Norwegian economy: Secret inflation

Apartment buildings are cropping up in areas where there used to be single-family homes with apple gardens. But even these are not many enough or arriving fast enough.

For most Europeans, Norway must seem like a (slightly chilly) paradise these days. While “austerity” is the new trend elsewhere, Norway has returned to its continual boom after a short break during the financial crisis, a break mainly caused by European banks refusing to give credit to our trading partners. Norway today has almost no unemployment and in fact a chronic shortage of some types of workers. Guest workers from Europe have the option to immigrate, and many are taking it. Of course, we are a high-tech country and we don’t really need loafers. Our productivity is very high, and those who can’t keep up are not going to stay employed for long. Even public sector jobs are gradually becoming like that.

That said, wages and salaries are rising for almost everyone, although of course not equally. So it may seem like a paradise. Income is rising and there is almost no inflation! Well, about that…

What with all the people moving here, there simply aren’t enough houses for everyone to live the way they want. People who would prefer to live in a large house, live in a smaller house. People who would prefer to live in a small house, live in an apartment. People who would prefer to own, are renting. Now you may say: “This is how it always is. Desire always exceeds opportunity.” True! But the thing is, housing is getting expensive at a rapid pace. And since all need to live somewhere, it is actually inflation. It is just not evenly distributed. Those who already own a home, don’t notice it except in taxes, and only moderately even then. But the moment they want to upgrade to a larger home, they will find that these are rather more expensive than they used to be. So although they are theoretically growing richer at a rapid pace, they are actually not able to upgrade as they normally would. So: Inflation, but nobody must know it.

Of course, it gets pretty obvious for us who rent. Looking for other apartments without night parties upstairs, I can’t help but notice that the prices are rising steadily, by about 15% a year. Given how large a part rent is of monthly expenses, it is a pretty hefty inflation. If your taxes were rising like that, you’d vote for a different government next time. But due to the camouflage inherent in home ownership, people are actually happy with this inflation. They forget that they don’t really have the option, to sell their home and spend the money. Sure, they can borrow more money against it for each year, if they so desire. But borrowing has never, in itself, made anyone richer. If they invest that money wisely, perhaps. Do you know anyone who does that?

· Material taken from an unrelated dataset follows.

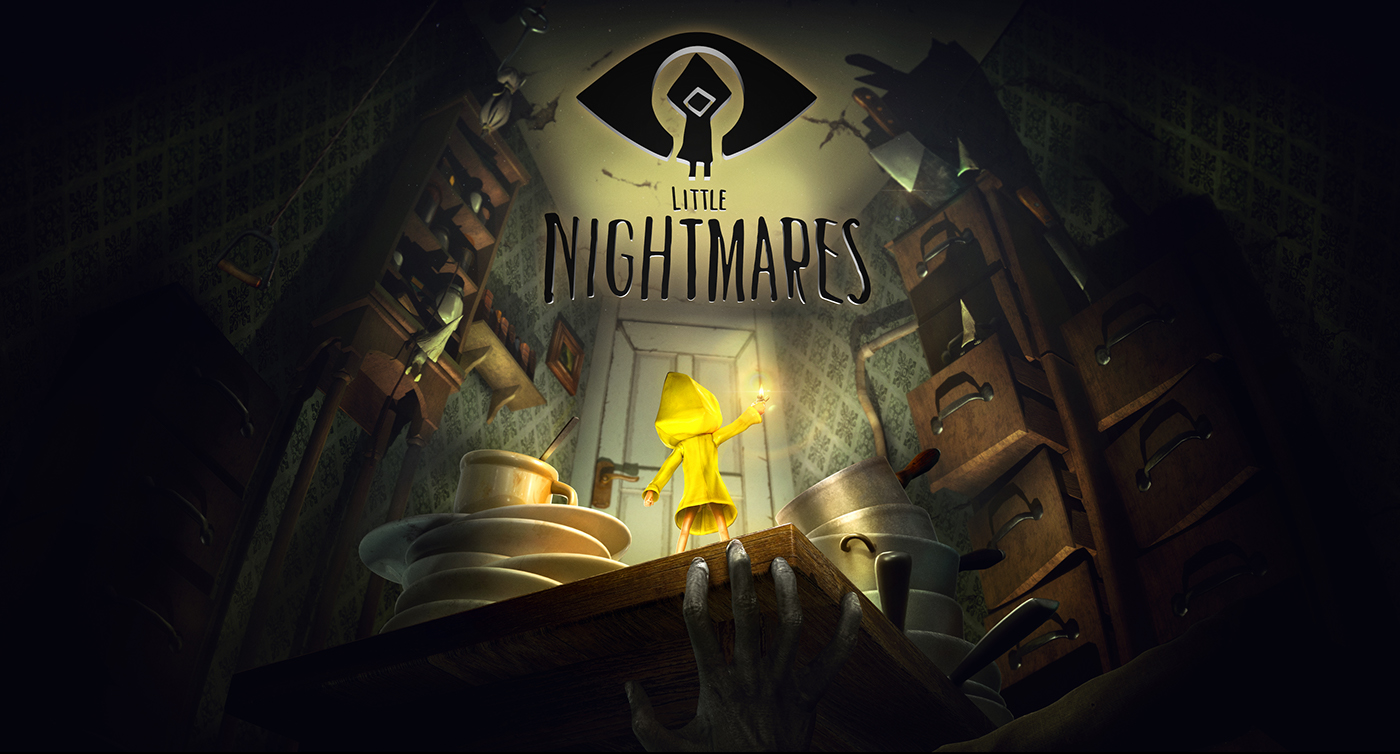 little-nightmares_1.jpg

If this seems vaguely familiar, it may be because I warned Americans when they were making the same mistakes we are making now. Even though Norwegians have had the opportunity to point and laugh at the stupid foreigners (both American and European), nobody wants to believe that we have a problem here. It is different with us. “It is typically Norwegian to be good.” (Actual quote by a former Norwegian Prime Minister, although opinions are divided as to whether there was a hint of irony in it. It became a popular saying, anyway.)

Moving to Norway (if you can work smart enough to be the most productive in the world with a short workday and long vacation) is still a good option, but you should not have high expectations about home ownership for the first years unless you have a job title that ends in “Executive Officer”.